Abstract

This book is a laudable yet not entirely successful attempt at understanding “the ways that ordinary farmers, craftsmen, and slaves in ancient Greece made sense of their world and their place in it” (p. 3). Sara Forsdyke contends that “diverse forms of popular culture such as festival revelry, oral storytelling, and the spontaneous collective punishment of social offenders” (p. 3) have been overlooked by modern scholars (the present reviewer included [pp. 167, 233]), even though they played a vital role in regulating the relationships between elites and masses and masters and slaves, and despite their consistent and meaningful operation “at different times and places,” “alongside, within, and sometimes even in opposition to the formal institutions of the Greek city-state” (p. 4). Four case studies designed to illustrate these points form the book's most valuable sections. The first, “Slaves Tell Tales: The Culture of Subordinate Groups in Ancient Greece,” concerns a fictitious tale preserved in Athenaeus' Deipnosophistae, according to which the slave owners on the island of Chios established a hero-cult for Drimakos, even though he, as head of a band of runaway slaves, had tormented them for a long while (albeit “fairly” and “justly”). The second case study, “Pigs, Asses, and Swine: Obscenity and the Popular Imagination in Ancient Sicyon,” purports to reinterpret the description, preserved in Herodotus, of some bizarre reforms introduced by the tyrant Cleisthenes in sixth-century b.c.e. Sicyon. Cleisthenes allegedly banned recitations of the Homeric poems, suppressed the cult of a beloved hero, and gave the city's “tribes” (i.e., territorial divisions) names that could be interpreted as abusive.
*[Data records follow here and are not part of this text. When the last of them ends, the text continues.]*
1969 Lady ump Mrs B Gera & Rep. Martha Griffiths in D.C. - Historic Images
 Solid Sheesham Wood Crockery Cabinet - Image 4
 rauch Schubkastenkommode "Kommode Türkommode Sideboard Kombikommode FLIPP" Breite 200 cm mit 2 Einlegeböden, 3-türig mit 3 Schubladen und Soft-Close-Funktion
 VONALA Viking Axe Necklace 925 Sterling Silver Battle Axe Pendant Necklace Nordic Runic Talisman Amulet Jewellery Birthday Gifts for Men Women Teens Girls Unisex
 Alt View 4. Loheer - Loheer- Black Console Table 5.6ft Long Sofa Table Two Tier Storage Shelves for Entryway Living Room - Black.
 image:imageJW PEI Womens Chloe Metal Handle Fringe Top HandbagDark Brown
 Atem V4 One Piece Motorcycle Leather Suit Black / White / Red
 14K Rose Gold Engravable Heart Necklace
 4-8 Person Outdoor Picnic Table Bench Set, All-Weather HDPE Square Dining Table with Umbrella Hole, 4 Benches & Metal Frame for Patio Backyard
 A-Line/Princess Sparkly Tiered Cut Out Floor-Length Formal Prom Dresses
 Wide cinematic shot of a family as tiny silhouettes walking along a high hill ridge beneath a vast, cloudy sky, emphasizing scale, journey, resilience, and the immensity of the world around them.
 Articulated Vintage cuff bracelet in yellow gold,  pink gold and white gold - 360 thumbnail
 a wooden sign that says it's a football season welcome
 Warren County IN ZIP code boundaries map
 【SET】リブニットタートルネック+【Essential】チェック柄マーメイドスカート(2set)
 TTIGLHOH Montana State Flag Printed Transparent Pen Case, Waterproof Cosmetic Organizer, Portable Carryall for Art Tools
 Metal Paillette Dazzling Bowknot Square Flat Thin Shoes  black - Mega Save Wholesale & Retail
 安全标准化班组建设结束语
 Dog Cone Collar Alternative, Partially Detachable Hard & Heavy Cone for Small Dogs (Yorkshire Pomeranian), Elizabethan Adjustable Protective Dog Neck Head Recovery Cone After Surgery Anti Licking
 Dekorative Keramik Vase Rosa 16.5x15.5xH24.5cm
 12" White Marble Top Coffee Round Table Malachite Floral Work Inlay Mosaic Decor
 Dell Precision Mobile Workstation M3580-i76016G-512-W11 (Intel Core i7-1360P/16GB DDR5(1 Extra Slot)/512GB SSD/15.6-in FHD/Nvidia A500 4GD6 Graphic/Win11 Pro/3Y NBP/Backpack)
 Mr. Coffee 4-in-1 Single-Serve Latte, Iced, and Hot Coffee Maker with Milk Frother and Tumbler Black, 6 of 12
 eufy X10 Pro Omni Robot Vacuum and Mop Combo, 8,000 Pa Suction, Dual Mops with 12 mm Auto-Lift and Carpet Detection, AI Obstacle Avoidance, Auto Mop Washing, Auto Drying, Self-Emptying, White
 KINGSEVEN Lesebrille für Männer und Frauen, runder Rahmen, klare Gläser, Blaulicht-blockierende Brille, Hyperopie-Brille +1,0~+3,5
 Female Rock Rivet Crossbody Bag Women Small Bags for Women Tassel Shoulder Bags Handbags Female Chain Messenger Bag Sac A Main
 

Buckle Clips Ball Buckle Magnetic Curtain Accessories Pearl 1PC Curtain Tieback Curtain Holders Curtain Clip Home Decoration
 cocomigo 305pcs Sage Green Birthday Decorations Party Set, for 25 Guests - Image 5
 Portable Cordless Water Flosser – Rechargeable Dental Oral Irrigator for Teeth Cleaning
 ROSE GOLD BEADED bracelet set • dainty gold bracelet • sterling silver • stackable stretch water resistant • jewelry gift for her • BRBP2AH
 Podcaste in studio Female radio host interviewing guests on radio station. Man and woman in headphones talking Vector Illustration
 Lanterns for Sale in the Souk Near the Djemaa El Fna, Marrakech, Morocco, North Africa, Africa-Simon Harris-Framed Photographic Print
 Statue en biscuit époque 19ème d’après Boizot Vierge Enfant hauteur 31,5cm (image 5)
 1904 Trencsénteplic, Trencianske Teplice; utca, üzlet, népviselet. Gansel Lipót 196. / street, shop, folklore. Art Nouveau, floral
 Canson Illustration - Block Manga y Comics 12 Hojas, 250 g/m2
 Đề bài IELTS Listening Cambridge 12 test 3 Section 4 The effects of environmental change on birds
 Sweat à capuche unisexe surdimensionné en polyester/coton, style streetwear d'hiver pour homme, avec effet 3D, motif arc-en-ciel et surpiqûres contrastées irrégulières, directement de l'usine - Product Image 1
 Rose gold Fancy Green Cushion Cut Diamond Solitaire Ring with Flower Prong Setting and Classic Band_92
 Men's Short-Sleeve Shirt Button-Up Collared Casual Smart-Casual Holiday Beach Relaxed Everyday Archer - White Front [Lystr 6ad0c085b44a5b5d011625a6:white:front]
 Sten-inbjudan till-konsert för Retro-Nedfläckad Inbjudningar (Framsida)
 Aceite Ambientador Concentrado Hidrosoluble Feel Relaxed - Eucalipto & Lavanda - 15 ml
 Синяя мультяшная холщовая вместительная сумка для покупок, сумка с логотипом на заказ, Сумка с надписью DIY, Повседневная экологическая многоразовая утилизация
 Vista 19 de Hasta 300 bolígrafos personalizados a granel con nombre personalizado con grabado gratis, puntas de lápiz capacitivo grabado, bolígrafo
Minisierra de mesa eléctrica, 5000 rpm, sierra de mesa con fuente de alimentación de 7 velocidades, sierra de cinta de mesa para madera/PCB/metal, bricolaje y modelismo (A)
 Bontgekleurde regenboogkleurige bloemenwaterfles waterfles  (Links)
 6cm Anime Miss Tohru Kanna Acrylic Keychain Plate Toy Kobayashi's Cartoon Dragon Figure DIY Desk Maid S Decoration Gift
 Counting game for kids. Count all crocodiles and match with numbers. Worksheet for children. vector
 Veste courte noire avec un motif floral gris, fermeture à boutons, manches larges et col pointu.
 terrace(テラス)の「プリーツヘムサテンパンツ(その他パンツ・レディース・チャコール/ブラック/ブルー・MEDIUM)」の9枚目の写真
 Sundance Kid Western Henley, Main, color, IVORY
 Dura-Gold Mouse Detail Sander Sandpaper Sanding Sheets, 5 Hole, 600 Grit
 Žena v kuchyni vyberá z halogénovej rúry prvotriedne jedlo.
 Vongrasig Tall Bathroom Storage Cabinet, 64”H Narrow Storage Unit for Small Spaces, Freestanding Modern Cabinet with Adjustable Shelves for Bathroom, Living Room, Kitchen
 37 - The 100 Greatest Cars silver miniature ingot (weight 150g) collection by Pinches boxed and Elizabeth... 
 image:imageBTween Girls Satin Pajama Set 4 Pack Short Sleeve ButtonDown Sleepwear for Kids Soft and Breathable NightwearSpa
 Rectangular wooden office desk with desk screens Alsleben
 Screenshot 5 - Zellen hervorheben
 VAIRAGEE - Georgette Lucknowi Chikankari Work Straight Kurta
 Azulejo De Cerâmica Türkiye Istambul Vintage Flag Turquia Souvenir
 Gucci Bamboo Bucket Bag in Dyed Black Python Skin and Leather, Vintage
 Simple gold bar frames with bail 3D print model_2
The third, “Revelry and Riot in Ancient Megara: Democratic Disorder or Ritual Reversal?,” concerns the riotous behavior of the masses that allegedly took place in sixth-century b.c.e. Megara. The fourth, “Street Theater and Popular Justice in Ancient Greece,” assembles and analyzes, under the heading of “popular rituals” (p. 144), a long series of incidents involving the public humiliation and punishment of offenders, especially adulterers, in cities other than Athens. The book's first and last chapters are devoted to problems deriving from the application of the special method of analysis adopted here, styled “modular” (p. 179), to the ancient evidence.